Data mining for national security

Some links to information on CSE and data mining (previously blogged about here and here):
  • The Mathematics of Information Technology and Complex Systems (MITACS) project, a network of academia, industry and the public sector, including CSE, that was created to "harness the power of the mathematical sciences to address the inherent complexity of modern industrial and societal problems for the benefit of all Canadians". Projects include Semi-Supervised Learning in Large Graphs:
    As part of ongoing collaborations with the Communications Security Establishment (CSE), we are applying unsupervised and semi-supervised learning methods to understand transactions on large dynamic networks, such as telephone and email networks. When viewed as a graph, the nodes correspond to individuals that send or receive messages, and edges correspond to the messages themselves.
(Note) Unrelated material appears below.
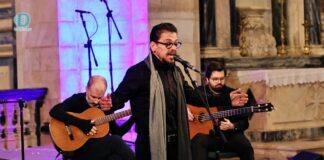 O fadista Ricardo Ribeiro disse que o seu novo álbum, “A Alma Só Está Bem Onde não Cabe”, a editar na próxima sexta-feira, é como “parte de uma canção” de si mesmo, vem da vontade de estar desperto para o mundo.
The graphs we address can be observed in real-time, include from hundreds to hundreds of thousands of nodes, and feature thousands to millions of transactions. There are two goals associated with this project: firstly, there is the semi-supervised learning task, and rare-target problem, in which we wish to identify certain types of nodes; secondly, there is the unsupervised learning task of detecting anomalous messages. For reasons of efficiency, we have restricted our attention to meta-data of message transactions, such as the time, sender, and recipient, and ignored the contents of messages themselves. In collaboration with CSE, we are studying the problem of counter-terrorism, a semi-supervised problem in which some terrorists in a large network are labeled, but most are not.... Another common feature of counter-terrorism problems is the fact that large volumes of data are often "streamed" through various collection sites, in order to provide maximal information in a timely fashion. A consequence of efficient collection of transactions on very large graphs is that the data itself can only be stored for a short time. This leads to a nonstandard learning problem, since most learning algorithms assume that the full dataset can be accessed for training purposes. Working in conjunction with CSE, we will devise on-line learning algorithms that scale efficiently with increasing volume, and need only use each example once.
  • The National Program on Complex Data Structures project on Data Mining with Complex Data Structures, a team of academic researchers partnered with CSE and Generation 5 Technologies.

  • Examples of recent Canadian work in the field:

  • CSE career opportunities in data mining

  • A contrary view of the intelligence value of data mining: Effective Counterterrorism and the Limited Role of Predictive Data Mining (PDF file), Jeff Jonas and Jim Harper.


Blogger Pete's Blog said...

Interesting Bill.

The MITACs description is very explicit (I don't know whether CSE would have been delighted about that).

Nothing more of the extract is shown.